With THAT said, I realize the NEW (*cough cough* from a few years ago …) YouTube “rules” dictate you cannot become a “paid” partner until you reach 1,000 subs. I think I have the hours thing down without too much trouble. But it’s those SUBS! So, if you are reading this, please take a moment and head over to:
and check out some of my OLD videos, I would be much appreciative – and subscribe while you’re at it! I’ll give you a big ol’ air handshake, I promise!!!
Now, with THAT said, I want to say that the direction my channel was going was “unsustainable” for me in every way possible. I am trying to work out a way that I can talk about things that are very important to me (makeup IS important to me – it is, without question, a way those of us with chronic illness can make ourselves feel somewhat “normal” sometimes) that actually WORKS within the confines of actual chronic illness (which is yet ANOTHER topic I want to discuss!). So, that is to say, I want my channel to start to go in a slightly different direction – I was much younger in these older videos, and the years between then and now have opened my eyes to many “life realities” and I think it’s important for me and for anyone who “follows” me and what I am doing to have that kind of understanding and “life experience” behind me.

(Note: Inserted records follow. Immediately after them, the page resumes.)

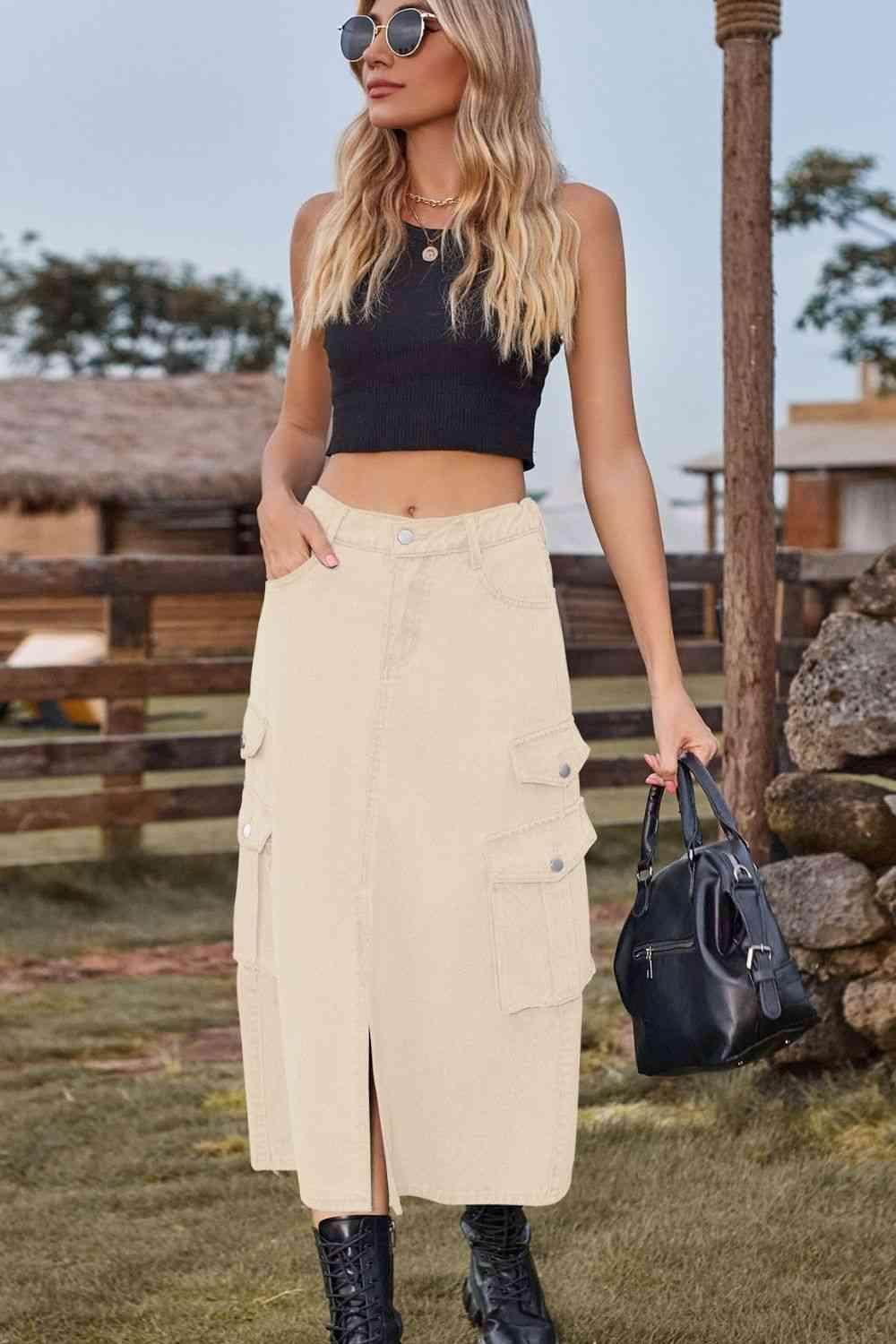 Slit Front Midi Denim Skirt with Pockets for Women - Selvanelle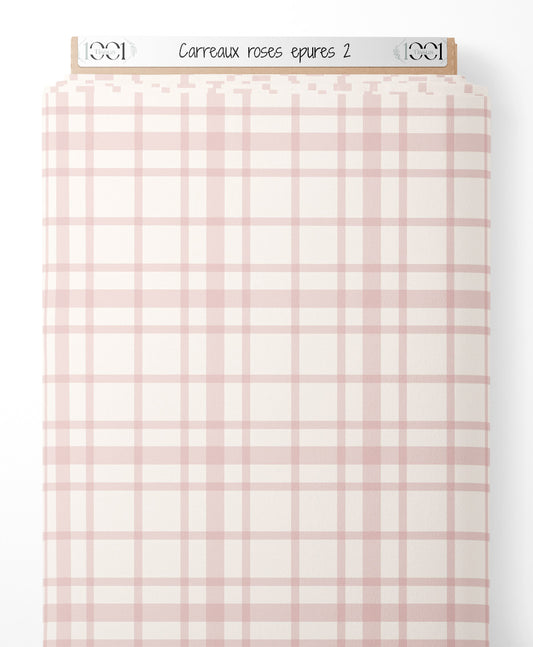 Tissu - Carreaux roses épurés 2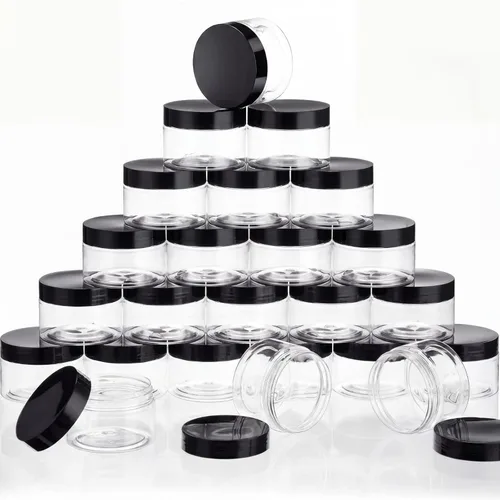 Miniatura 44 de SATINIOR 24 frascos de plástico transparente vacíos con tapas, recipientes de almacenamiento redondos de boca ancha para productos de belleza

That is really all I wanted to say here! The crazies downstairs are still going *smacks head* – I think I am just going to have to complain because I am not allowed to play the piano past 9PM so why should I be subjected to a loud mumbling all night?? I am paying like … all my dollahs right now.
I hope you are all sleeping more soundly than I am! And I hope you are having a happy and healthy day wherever you are in the world!